Probing muonic forces with neutron star binaries

TL;DR

This paper demonstrates how gravitational wave observations from neutron star binaries can be used to detect or constrain long-range muonic forces, especially those arising from a gauged U(1)$_{L___ au}$ symmetry, providing much stronger limits than previous methods.

Contribution

It introduces a novel method to probe muonic forces via gravitational waves from neutron star binaries, offering the most stringent constraints to date on light vector bosons coupled to muons.

Findings

Current data can detect light vectors with masses below 10^{-10} eV.

Neutron star binaries can set constraints on gauge coupling g' down to 10^{-20}.

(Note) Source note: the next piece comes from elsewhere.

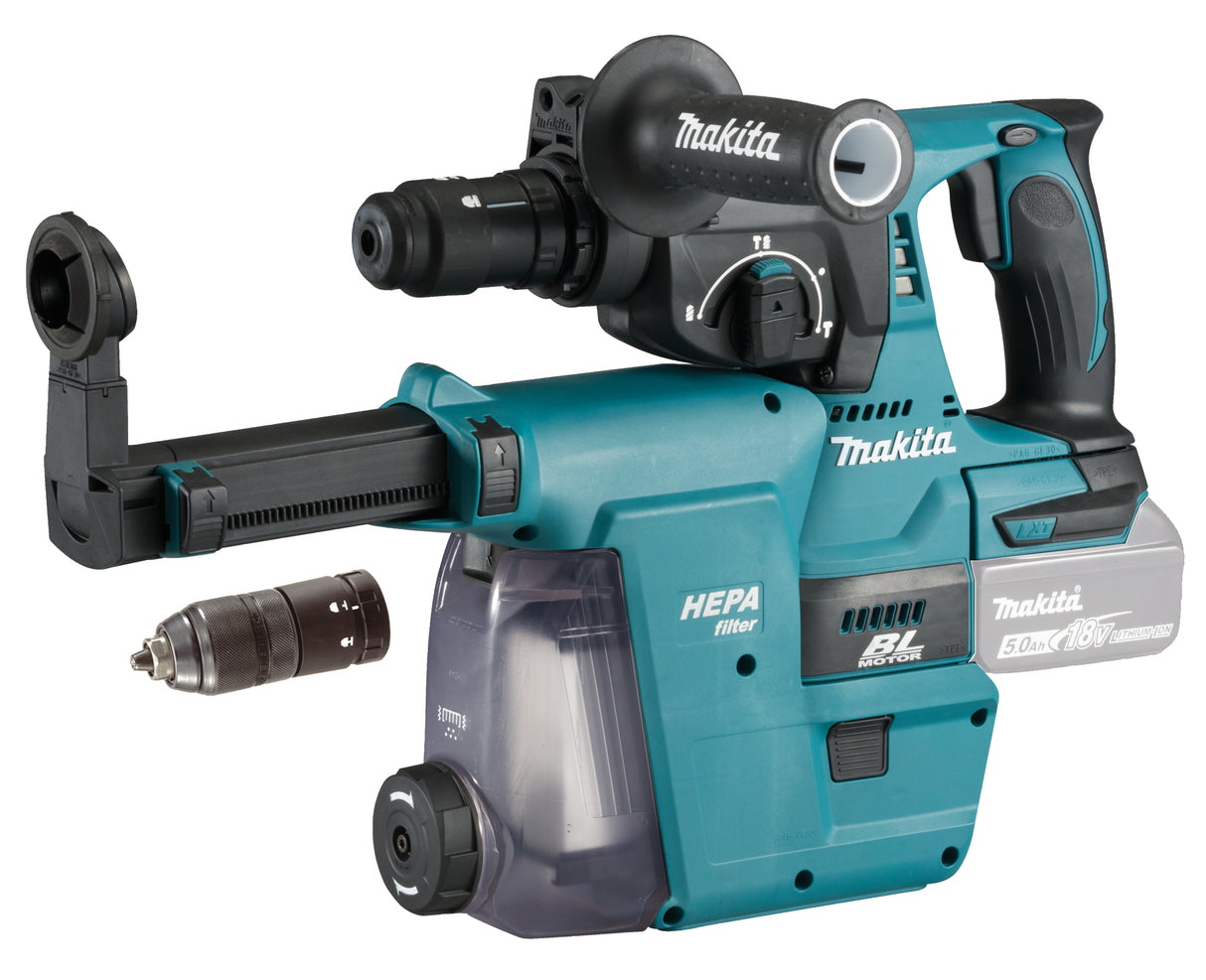Makita Kombihammer SDS+ LXT 18V DHR243 Med Støvsuger Uten Batteri Og Lader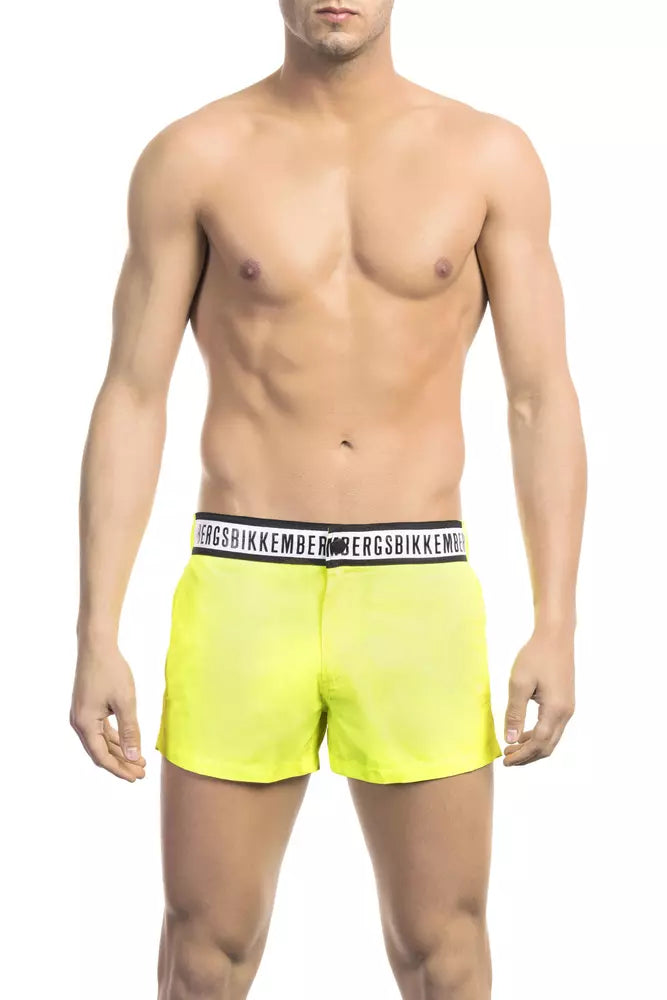 شورت سباحة رجالي من البولياميد الأصفر من Bikkembergs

Next-generation detectors will significantly improve sensitivity to muonic forces.

Abstract

We show that gravitational wave emission from neutron star binaries can be used to discover any generic long-ranged muonic force due to the large inevitable abundance of muons inside neutron stars. As a minimal consistent example, we focus on a gauged U(1)$_{L_\mu - L_\tau}$ symmetry. In pulsar binaries, such U(1)$_{L_\mu - L_\tau}$ vectors induce an anomalously fast decay of the orbital period through the emission of dipole radiation. We study a range of different pulsar binaries, finding the most powerful constraints for vector masses below ${\cal O}(10^{-18} {\rm eV})$. For merging binaries the presence of muons in neutron stars can result in dipole radiation as well as a modification of the chirp mass during the inspiral phase. We make projections for a prospective search using both the GW170817 and S190814bv events and find that current data can discover light vectors with masses below ${\cal O}(10^{-10} {\rm eV})$. In both cases, the limits attainable with neutron stars reach gauge coupling $g^\prime\lesssim 10^{-20}$, which are many orders of magnitude stronger than previous constraints. We also show projections for next generation experiments, such as Einstein Telescope and Cosmic Explorer.